**WHAT THE EXERCISE ASKS:** Return the lines of the data below starting at the one holding "Rubber Strap for" and ending at the one holding "Boruto: Two Blue", word for word, leaving every picture out.

**ENTRIES PROVIDED:**
+===+

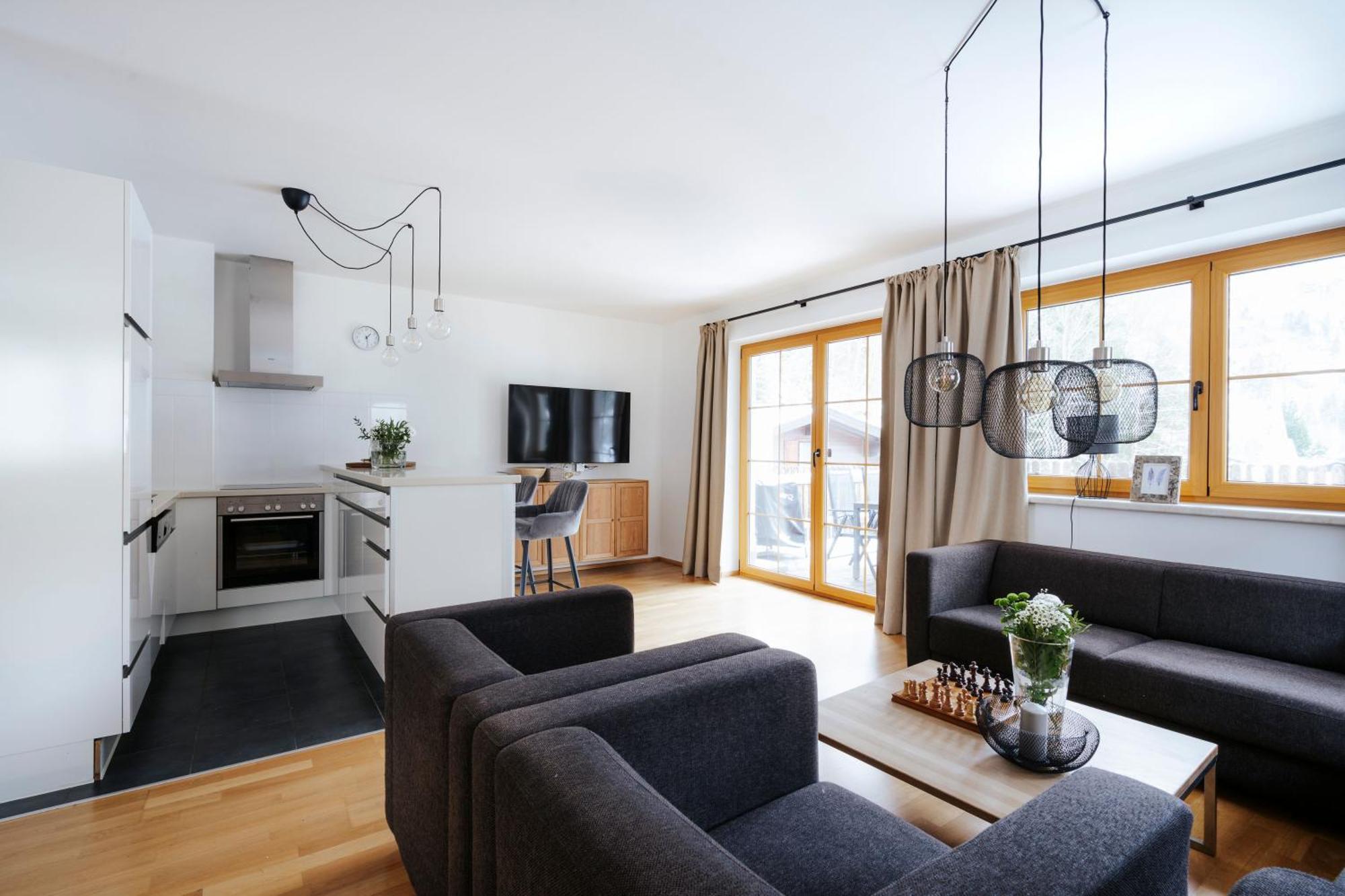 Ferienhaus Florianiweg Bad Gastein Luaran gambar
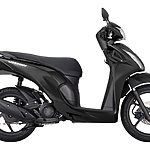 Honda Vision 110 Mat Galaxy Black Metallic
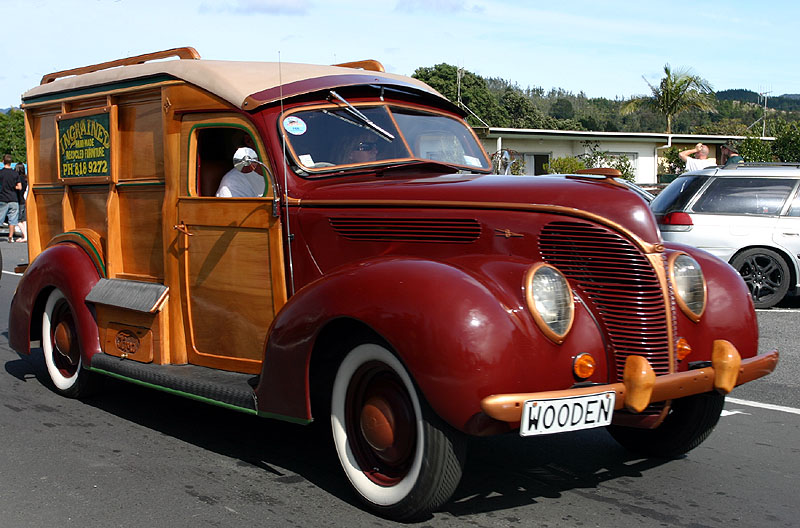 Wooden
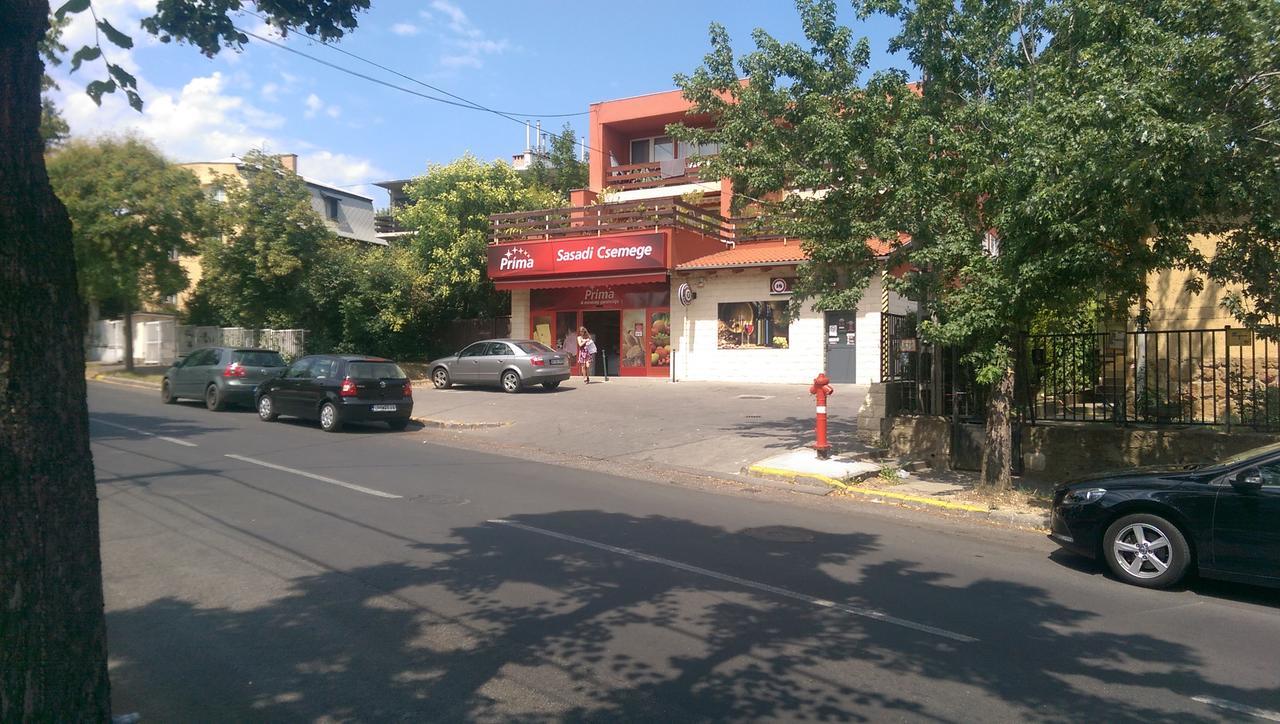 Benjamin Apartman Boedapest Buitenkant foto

+===+

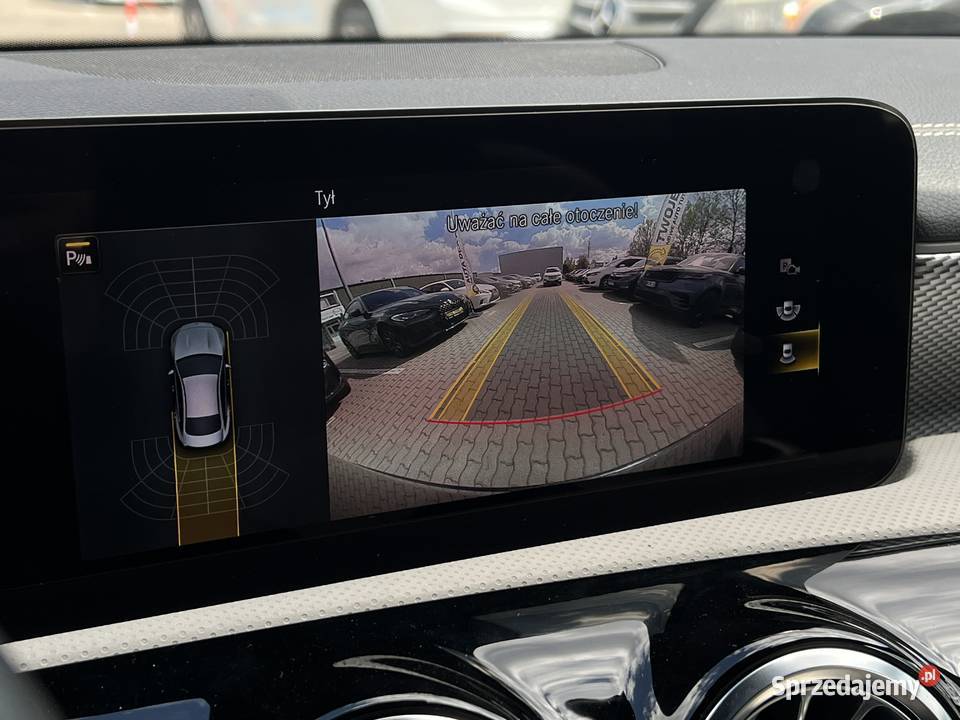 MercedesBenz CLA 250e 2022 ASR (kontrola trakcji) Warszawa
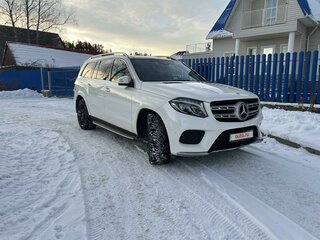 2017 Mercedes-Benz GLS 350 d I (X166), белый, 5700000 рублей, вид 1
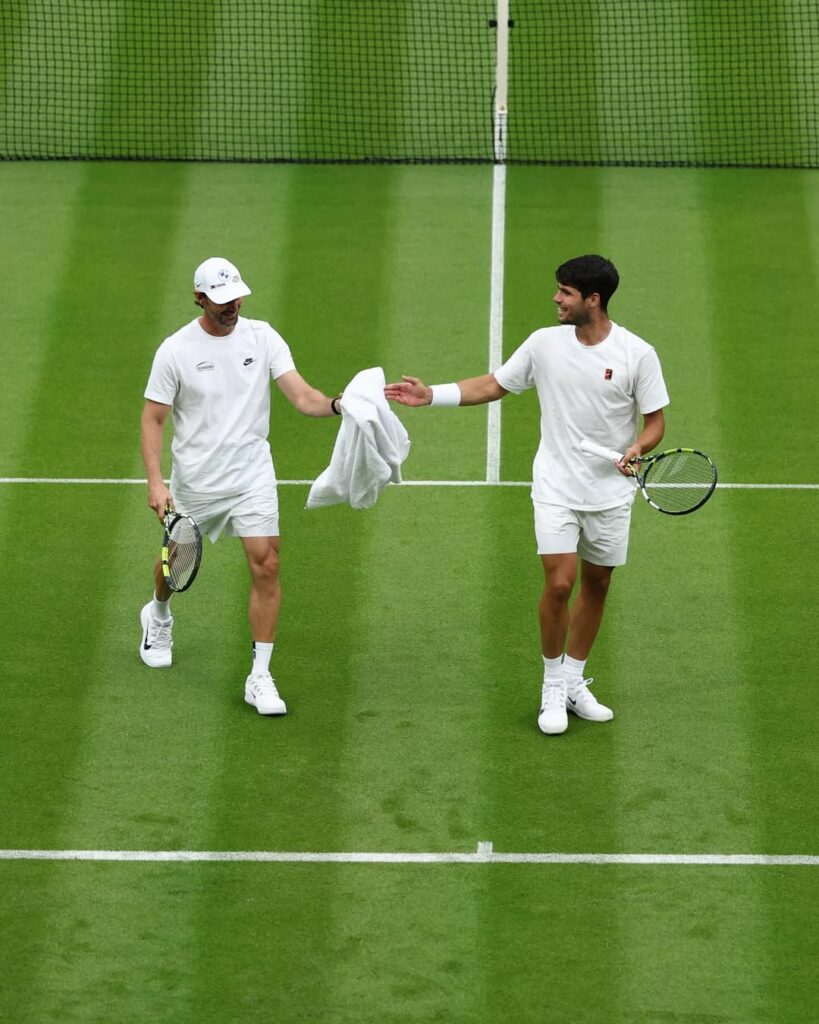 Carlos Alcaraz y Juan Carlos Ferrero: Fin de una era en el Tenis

+===+

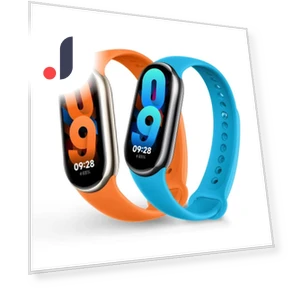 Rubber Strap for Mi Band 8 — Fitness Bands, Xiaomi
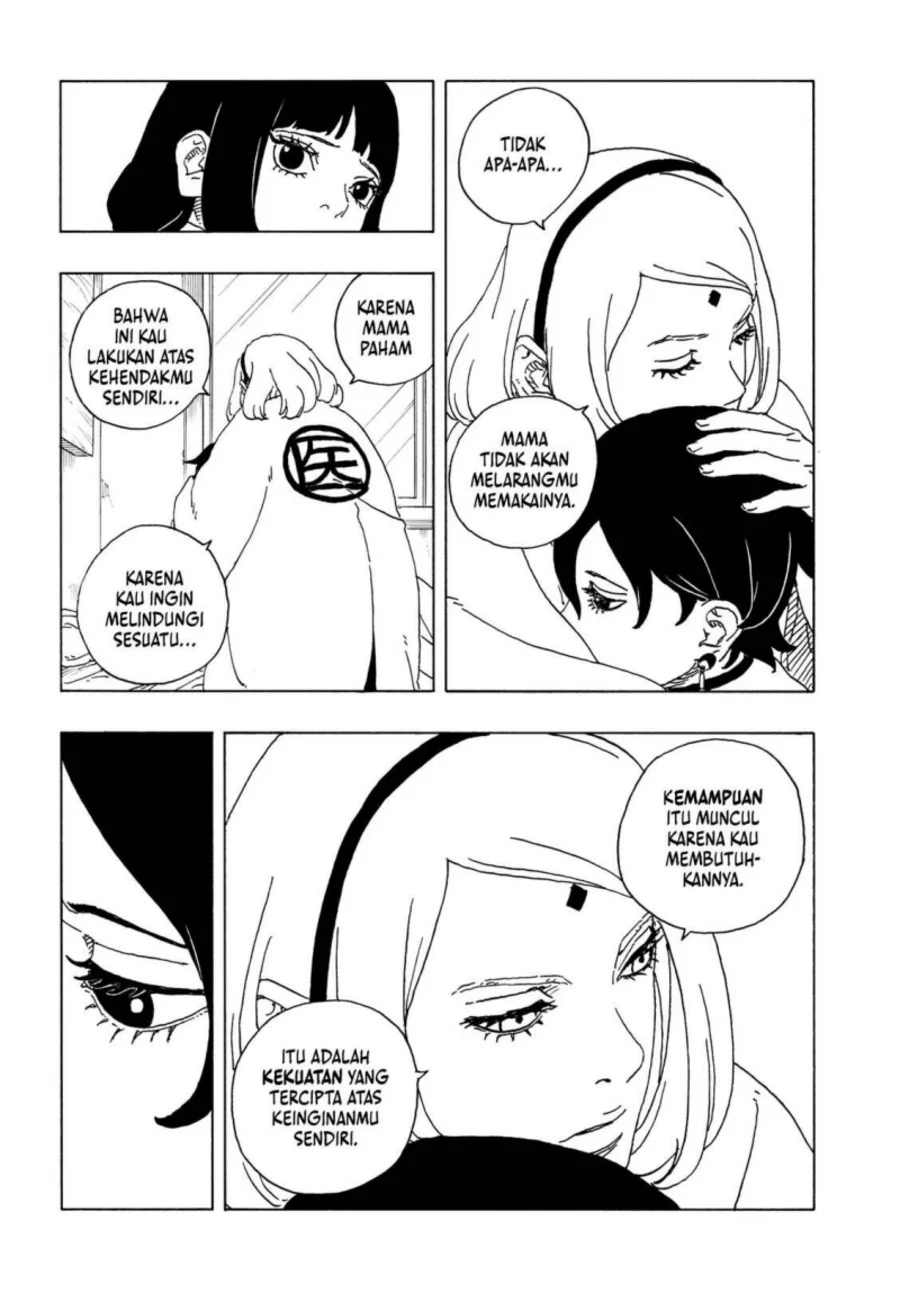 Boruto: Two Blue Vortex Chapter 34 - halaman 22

+===+

**EXERCISE ANSWER:**
 Rubber Strap for Mi Band 8 — Fitness Bands, Xiaomi
 Boruto: Two Blue Vortex Chapter 34 - halaman 22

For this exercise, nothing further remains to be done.